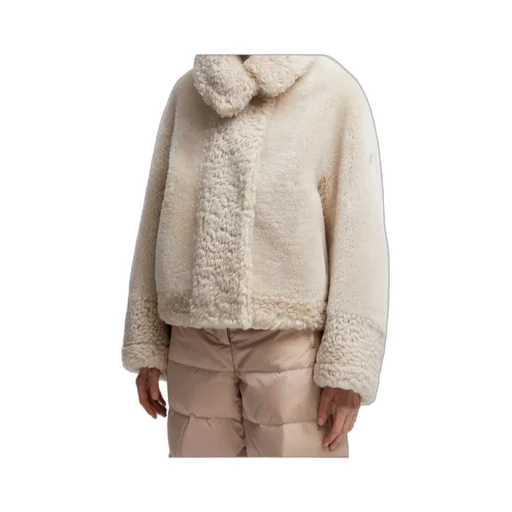 Gobain Shearling & Suede Short Down Jacket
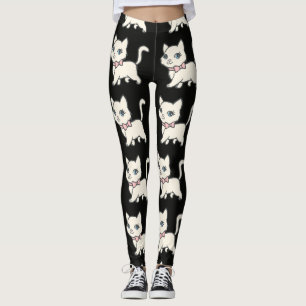 LEGGINGS KITTY CAT YOGA PANTS LEGINGS
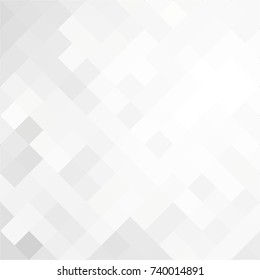 White and gray background. Geometric style. Mesh of rhombus. Mosaic template for your design. Paper texture. Clean place for your headline.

ACTIVITY → Please return the whole listing exactly. Do not copy its images.

SOLUTION →
 Gobain Shearling & Suede Short Down Jacket
 LEGGINGS KITTY CAT YOGA PANTS LEGINGS
 White and gray background. Geometric style. Mesh of rhombus. Mosaic template for your design. Paper texture. Clean place for your headline.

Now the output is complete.